The sparse input PDL $a() should be passed here with 0th dimension "M" and 1st dimension "N", just as for the built-in PDL::Primitive::matmult().

"Missing" values in $a() are treated as zero. $SIZE(Ndimsa) is assumed to be 2.

ccs_matmult2d_zdd does not process bad values. It will set the bad-value flag of all output piddles if the flag is set for any of the input piddles.

## ccs_vnorm

```
Signature: (
indx acols(NnzA); avals(NnzA);
float+ [o]vnorm(M);
; int sizeM=>M)
```

Computes the Euclidean lengths of each column-vector $a(i,*) of a sparse index-encoded pdl $a() of logical dimensions (M,N), with output to a dense piddle $vnorm(). "Missing" values in $a() are treated as zero, and $acols() specifies the (unsorted) indices along the logical dimension M of the corresponding non-missing values in $avals(). This is basically the same thing as:

` $vnorm = ($a**2)->xchg(0,1)->sumover->sqrt;`

... but should be must faster to compute for sparse index-encoded piddles.

ccs_vnorm() always clears the bad-status flag on $vnorm().

## ccs_vcos_zdd

```
Signature: (
indx ixa(2,NnzA); nza(NnzA);
b(N);
float+ [o]vcos(M);
float+ [t]anorm(M);
int sizeM=>M;
)
```

Computes the vector cosine similarity of a dense row-vector $b(N) with respect to each column $a(i,*) of a sparse index-encoded PDL $a() of logical dimensions (M,N), with output to a dense piddle $vcos(M). "Missing" values in $a() are treated as zero, and magnitudes for $a() are passed in the optional parameter $anorm(), which will be implicitly computed using ccs_vnorm if the $anorm() parameter is omitted or empty. This is basically the same thing as:

```
$anorm //= ($a**2)->xchg(0,1)->sumover->sqrt;
$vcos = ($a * $b->slice("*1,"))->xchg(0,1)->sumover / ($anorm * ($b**2)->sumover->sqrt);
```

... but should be must faster to compute.

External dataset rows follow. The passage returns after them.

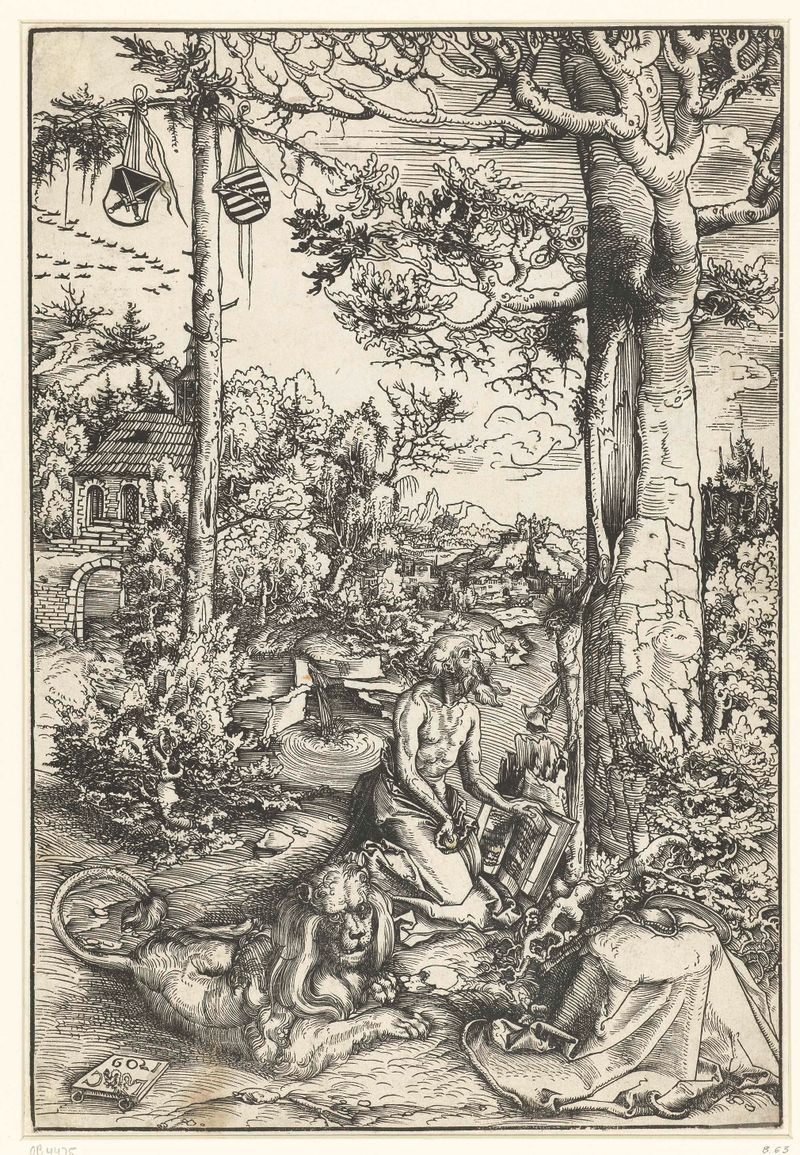 Heilige Hieronymus als boeteling, papel de Lucas Cranach, retratando São Jerônimo com uma lanterna.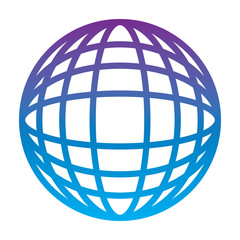 earth globe diagram icon image vector illustration design  purple to blue ombre line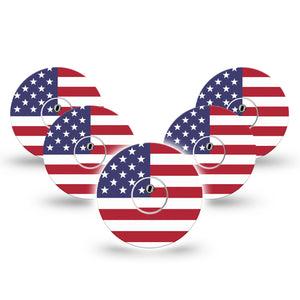ExpressionMed U.S. Flag Freestyle Libre 3 and Libre 3 Plus Tape, 5-Pack Tape and 5-Pack Sticker American Flag, Adhesive Tape Continuous Glucose Monitor Design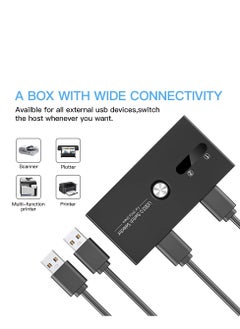 KASTWAVE KVM Switcher 4 Port USB Peripheral Switcher Box Hub for Mouse Keyboard Scanner Printer Laptop with one-Button Switch and 2 PCS USB 3.0 Cable  - Image 4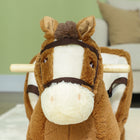 Qaba Baby Rocking Horse with Sounds - Brown-Wood frame and stable base provide safe rocking 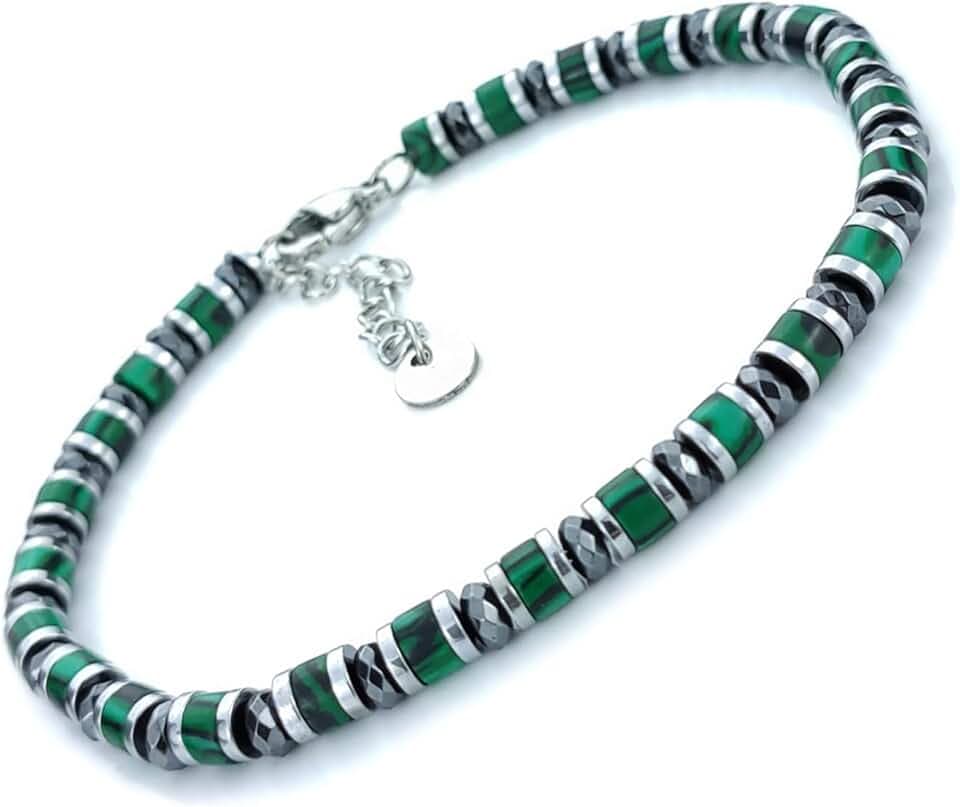 SAGA GIOIELLI Bracciale Uomo Rondelle Colorate Acciaio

Output values in $vcos() are cosine similarities in the range [-1,1], except for zero-magnitude vectors which will result in NaN values in $vcos(). If you need non-negative distances, follow this up with a:

```
$vcos->minus(1,$vcos,1)
$vcos->inplace->setnantobad->inplace->setbadtoval(0); ##-- minimum distance for NaN values
```

to get distances values in the range [0,2]. You can use PDL threading to batch-compute distances for multiple $b() vectors simultaneously:

```
$bx = random($N, $NB); ##-- get $NB random vectors of size $N
$vcos = ccs_vcos_zdd($ixa,$nza, $bx, $M); ##-- $vcos is now ($M,$NB)
```

ccs_vcos_zdd() always clears the bad status flag on the output piddle $vcos.

## _ccs_vcos_zdd

```
Signature: (
indx ixa(Two,NnzA); nza(NnzA);
b(N);
float+ anorm(M);
float+ [o]vcos(M);)
```

Guts for ccs_vcos_zdd(), with slightly different calling conventions.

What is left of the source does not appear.